What you produce should match the records below precisely, except that images are removed.

RECORDS PROVIDED Start Marker

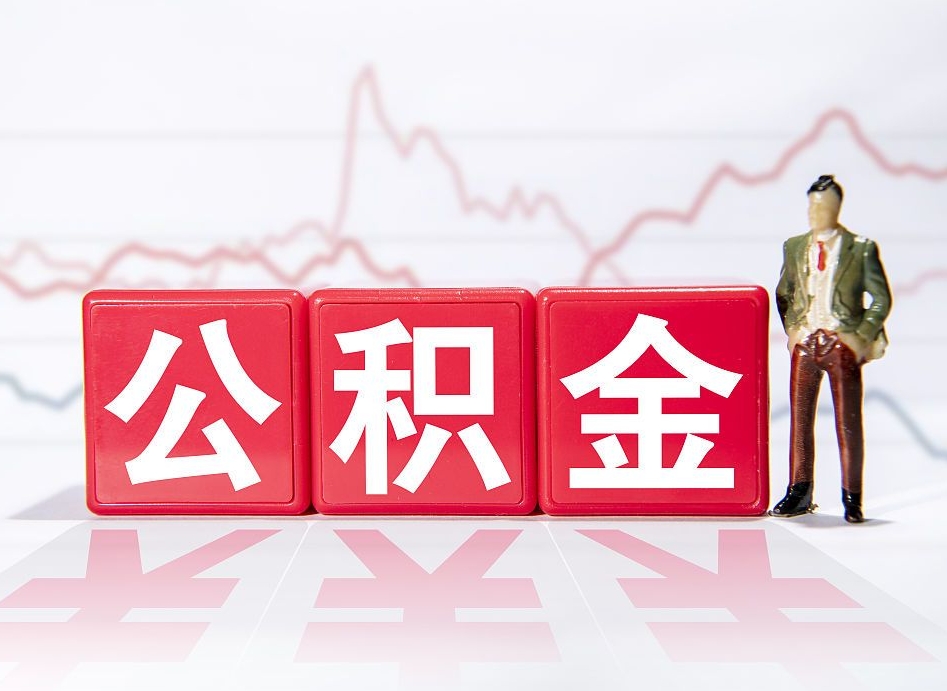 海安公积金怎么取出来（咋样取住房公积金）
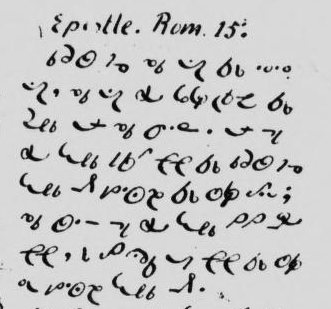 second week of advent 02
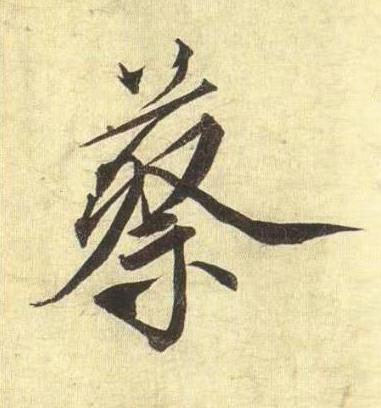 蔡行书书法写法高清图片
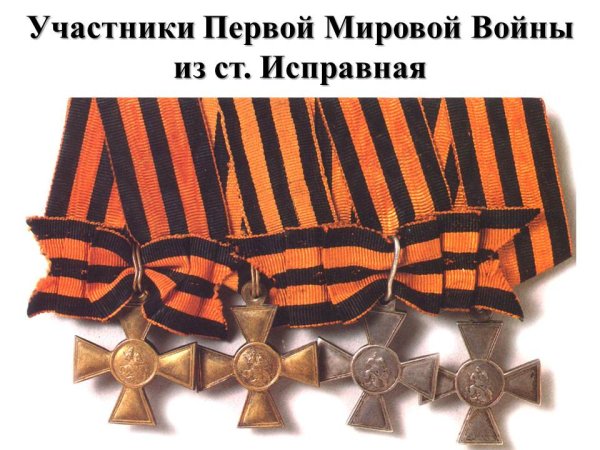 Георгиевский крест РОА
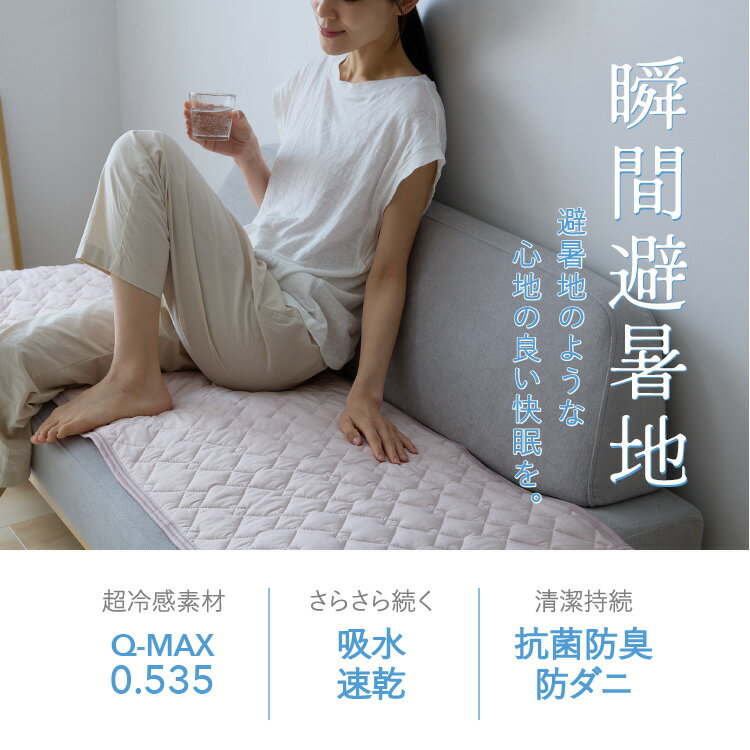 瞬間避暑地 強冷感 ソファーパッド 2人掛け ...の紹介画像3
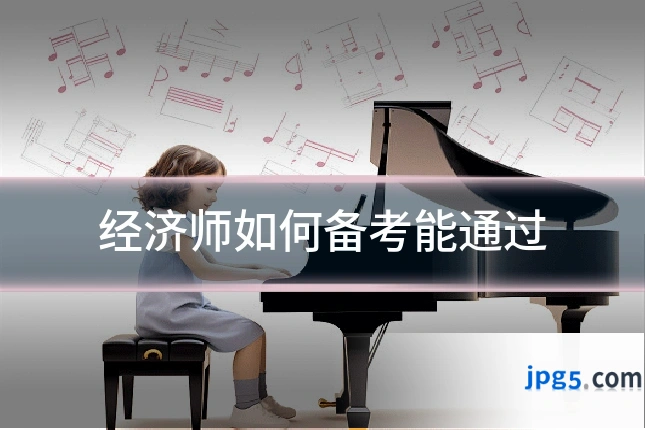 经济师如何备考能通过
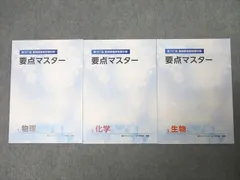 2025年最新】薬ゼミ 要点 2023の人気アイテム - メルカリ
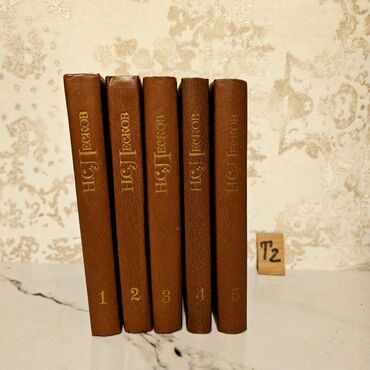 Bədii ədəbiyyat: 1 ədədi-1.5! Keyfiyyətli Kitablar Ucuz Qiymətə! 📸 Bütün kitabların — 16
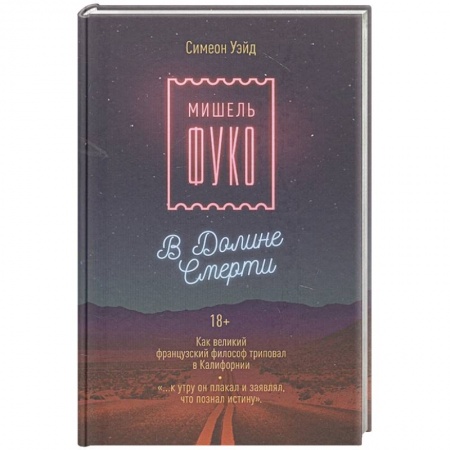 История философии, книга Мишель Фуко в Долине Смерти. Как великий французский философ триповал в Калифорнии купить по скидке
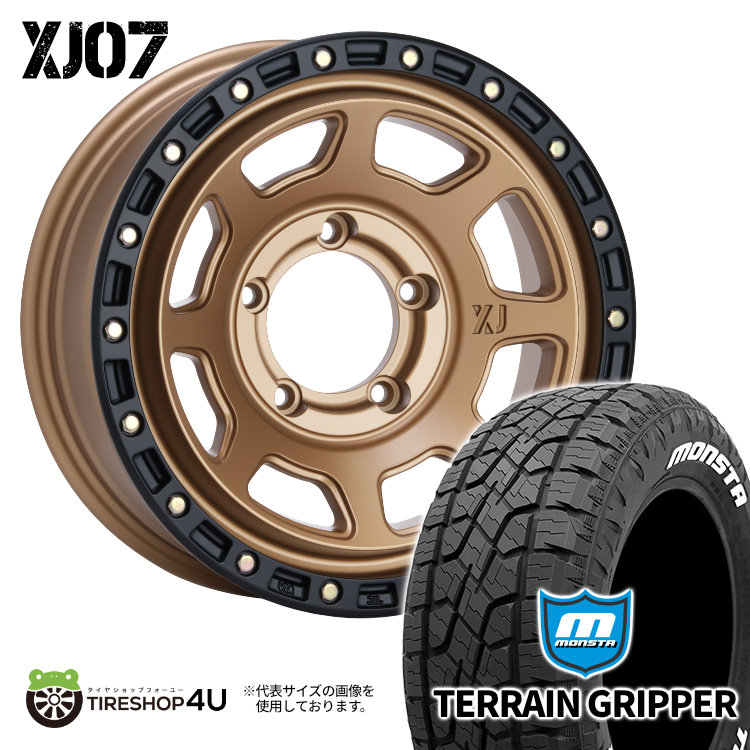 4本セット XTREME J XJ07 16x6.0J 5/139.7 5 MBR MONSTA TERRAIN GRIPPER A/T 215/70R16 ホワイトレター ジムニーシエラ ワイド JB74W :XJ07 1660 5H139 5 MBR TERRAINGRIPPER 2157016:TIRE SHOP 4U 4号店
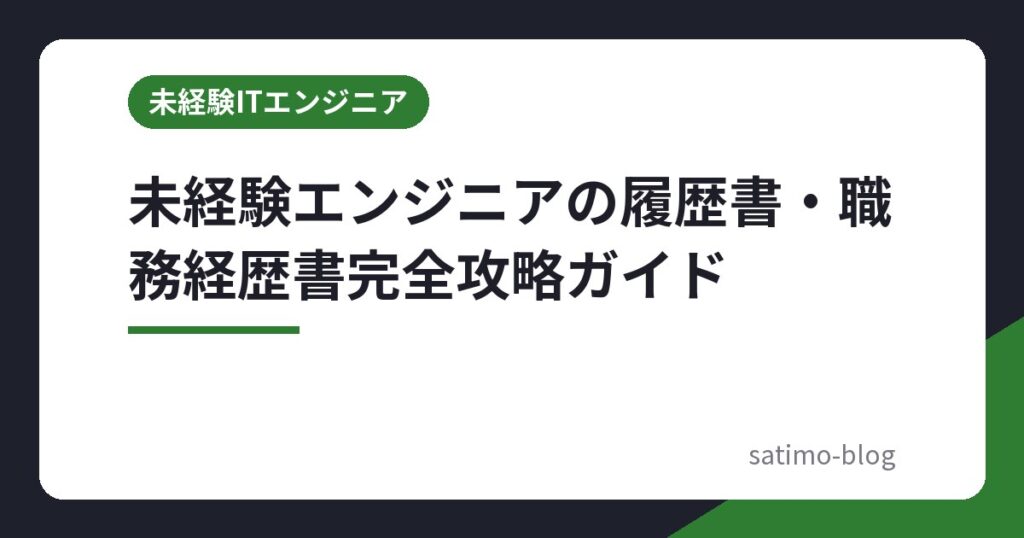 未経験エンジニアの履歴書・職務経歴書完全攻略ガイド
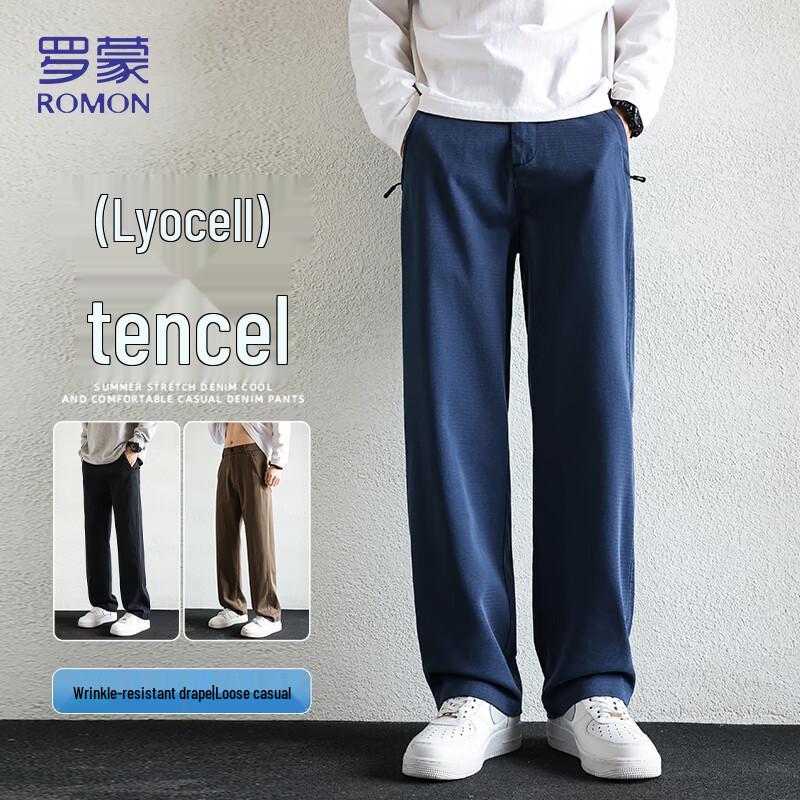Luo Meng Men's Tencel Lyocell Casual Straight-Leg Trousers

RECORDS PROVIDED End Marker

§ SOLUTION TO THIS PROBLEM:
 海安公积金怎么取出来（咋样取住房公积金）
 second week of advent 02
 蔡行书书法写法高清图片
 Георгиевский крест РОА
 瞬間避暑地 強冷感 ソファーパッド 2人掛け ...の紹介画像3
 经济师如何备考能通过
 2025年最新】薬ゼミ 要点 2023の人気アイテム - メルカリ
 Bədii ədəbiyyat: 1 ədədi-1.5! Keyfiyyətli Kitablar Ucuz Qiymətə! 📸 Bütün kitabların — 16
 История философии, книга Мишель Фуко в Долине Смерти. Как великий французский философ триповал в Калифорнии купить по скидке
 4本セット XTREME J XJ07 16x6.0J 5/139.7 5 MBR MONSTA TERRAIN GRIPPER A/T 215/70R16 ホワイトレター ジムニーシエラ ワイド JB74W :XJ07 1660 5H139 5 MBR TERRAINGRIPPER 2157016:TIRE SHOP 4U 4号店
 未経験エンジニアの履歴書・職務経歴書完全攻略ガイド
Luo Meng Men's Tencel Lyocell Casual Straight-Leg Trousers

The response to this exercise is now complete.